On May 8, Slow Food Europe joined forces with over 30 civil society organizations and think tanks to call on the next European Commission President to put an EU food policy in place. In an open letter to the lead candidates for the presidency, the organizations – representing the sectors of farming, fisheries, environment, animal welfare, health, consumers, development, social justice, climate, and forestry- also called for a European Commission Vice-President to be made responsible for ensuring the transition to sustainable food systems.
With the EU elections taking place on May 23-26, the signatories highlighted the potential for an integrated food policy to remedy the democratic deficit in food systems and rebalance power. Slow Food Europe is certain that by shifting the focus from sectoral policies (e.g. agriculture, fisheries, health) to integrated food policy, a wider range of stakeholders can be involved in designing and assessing policies. Furthermore, it is an opportunity for the EU and its Member States to address the concerns of many citizens and is key to meet its commitments to protect people and the planet such as the UN Sustainable Development Goals (SDGs) and the Paris Agreement on climate change.
“The challenges are very high and we need to be ambitious to tackle them. We need to have a governance shift, and that is why we propose to have a European Commission Vice-President responsible for the sustainability of food systems.
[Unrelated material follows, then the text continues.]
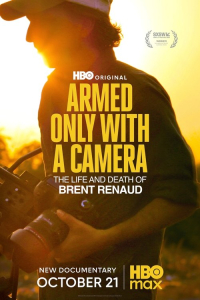 Armed Only with a Camera: The Life and Death of Brent Renaud (2025) Armed Only with a Camera: The Life and Death of Brent Renaud (2025)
It would be an essential role to play in coordinating the efforts of the different departments impacting our food systems and in trying to challenge the balance of power and move the debate forward,” said Francesco Ajena from IPES-Food, who presented the idea of having a Common Food Policy in Europe at Slow Fish in Genoa.
The open letter is the informal coalition’s first action in the wake of IPES-Food’s February 2019 report, ‘Towards a Common Food Policy for the EU‘. Slow Food Europe has been a part of a three-year process of participatory research, which has put forward a detailed blueprint for reforming European food systems under a Common Food Policy, with 80 concrete reform proposals sequenced over the short-, medium- and long-term.